You will not use a cool feature

So why do companies continue to add features that are convenient for a small number of people and ignored by the rest? And is there a better way to design products?

Cliff Kwang, a technology industry designer and author of a book on product design history, singled out three culprits behind the ever-growing characteristics. First, companies add options because it helps them sell their products as new and exciting. Second, products with millions of consumers should be liked by people with different needs. And – we’m surprised – we’re excited about options that look great, but we can not or will not use.

Kuang described this third factor as “consumers’ inability to distinguish between ‘hey, it looks good’ and ‘hey, i need it’.”

If it makes you feel better, Kuang said he’s also guilty of it.
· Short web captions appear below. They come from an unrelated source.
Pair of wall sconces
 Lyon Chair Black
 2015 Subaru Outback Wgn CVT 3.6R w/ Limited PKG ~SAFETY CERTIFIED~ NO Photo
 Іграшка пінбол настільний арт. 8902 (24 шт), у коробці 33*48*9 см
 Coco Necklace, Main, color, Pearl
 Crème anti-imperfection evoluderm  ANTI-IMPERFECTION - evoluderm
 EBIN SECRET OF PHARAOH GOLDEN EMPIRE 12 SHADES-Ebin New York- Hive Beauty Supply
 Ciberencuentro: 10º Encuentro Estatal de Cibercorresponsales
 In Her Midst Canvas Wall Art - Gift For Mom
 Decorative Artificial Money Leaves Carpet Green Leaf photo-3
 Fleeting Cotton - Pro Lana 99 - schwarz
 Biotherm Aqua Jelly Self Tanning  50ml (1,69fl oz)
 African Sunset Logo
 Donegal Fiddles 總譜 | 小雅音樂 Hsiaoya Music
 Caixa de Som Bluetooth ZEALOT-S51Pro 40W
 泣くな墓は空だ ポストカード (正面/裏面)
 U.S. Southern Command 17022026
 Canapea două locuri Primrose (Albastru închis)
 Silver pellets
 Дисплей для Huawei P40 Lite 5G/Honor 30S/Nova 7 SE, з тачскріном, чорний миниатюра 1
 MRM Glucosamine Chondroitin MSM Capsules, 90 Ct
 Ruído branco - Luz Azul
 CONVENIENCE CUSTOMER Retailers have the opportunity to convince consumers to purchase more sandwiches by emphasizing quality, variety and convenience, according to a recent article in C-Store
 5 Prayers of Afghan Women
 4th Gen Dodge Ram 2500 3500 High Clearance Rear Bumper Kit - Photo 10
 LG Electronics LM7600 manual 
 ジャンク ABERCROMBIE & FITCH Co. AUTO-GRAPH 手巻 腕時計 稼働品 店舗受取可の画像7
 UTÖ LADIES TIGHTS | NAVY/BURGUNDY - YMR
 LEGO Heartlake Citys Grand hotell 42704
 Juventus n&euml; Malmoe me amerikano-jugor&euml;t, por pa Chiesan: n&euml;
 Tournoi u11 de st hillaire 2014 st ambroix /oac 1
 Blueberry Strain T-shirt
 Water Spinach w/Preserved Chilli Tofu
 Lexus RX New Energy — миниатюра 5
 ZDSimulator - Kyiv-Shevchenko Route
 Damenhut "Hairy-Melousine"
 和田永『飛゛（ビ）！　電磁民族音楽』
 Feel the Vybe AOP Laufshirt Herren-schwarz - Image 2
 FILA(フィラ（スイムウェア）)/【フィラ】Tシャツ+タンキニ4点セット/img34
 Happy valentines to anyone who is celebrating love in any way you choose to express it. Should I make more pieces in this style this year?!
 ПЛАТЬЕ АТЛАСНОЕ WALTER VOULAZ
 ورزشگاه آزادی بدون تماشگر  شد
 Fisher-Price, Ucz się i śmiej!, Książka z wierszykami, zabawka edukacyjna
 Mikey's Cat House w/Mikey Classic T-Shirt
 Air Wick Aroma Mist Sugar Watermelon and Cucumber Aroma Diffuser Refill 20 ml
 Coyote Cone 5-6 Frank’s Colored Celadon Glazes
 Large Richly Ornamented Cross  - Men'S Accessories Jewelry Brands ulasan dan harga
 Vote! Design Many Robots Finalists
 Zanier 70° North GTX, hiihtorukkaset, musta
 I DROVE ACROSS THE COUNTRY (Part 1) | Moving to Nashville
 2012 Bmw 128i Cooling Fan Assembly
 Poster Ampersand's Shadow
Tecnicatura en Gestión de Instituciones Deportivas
He was fascinated by the parallel parking automation feature in his Tesla. “The first time I used it, it was cool,” he said. “And I never used it.”

Technologists often complain that they are not in a win-win situation in product design. Loyal fans are demanding more and more options that often make no sense to the norm. (This phenomenon is often laughed at as “bloatware” as bloated in software.) This is one of the reasons why technology often feels like it was designed for 1 percent of digital workers and not the rest of us.

But if companies try to change the less used options or change what people are already used to, some customers will hate it. Everyone has their own opinion. Stephen Sinofski, a former Microsoft executive, joked that reviewing widely used software such as Windows and Microsoft Office is the same as ordering pizza to billions of people.

In April, technology writer Clive Thompson made a provocative proposal to fight the temptation to incorporate more features into existing technology: just say no.

Thompson, who is a columnist for The New York Times Magazine, said companies need to decide in advance the set of features they want to work on and stop when they get there.

“The creep of features is a real thing and it destroys software every year,” he told me, referring to Instagram as a product that he thinks will add more options as it gets worse.

Of course, products will not be frozen in the past. And some features, such as the fact that it automatically notifies an ambulance after a car accident, can be valuable, even if they are rarely used. It is also unpredictable which supplements may be useful for the broad masses.

Kuang said that the best technological products are slowly changing to force consumers towards the future that the creators have imagined. He said Airbnb has done this by making significant changes to its website and app, prompting people to explore different types of homes regardless of destination or travel dates.

To escape the trap of the vessel, Kuang said, “You are working backwards from the future you are trying to create.”

Tip of the Week

Whether all the features are useful, you will soon be using upgraded software for your phone. Brian X. ChenThe New York Times Consumer Technology Review tells us how to prepare for this change.

In this week’s column, we discuss the upcoming changes for smartphones this fall following operating system updates from Apple and Google.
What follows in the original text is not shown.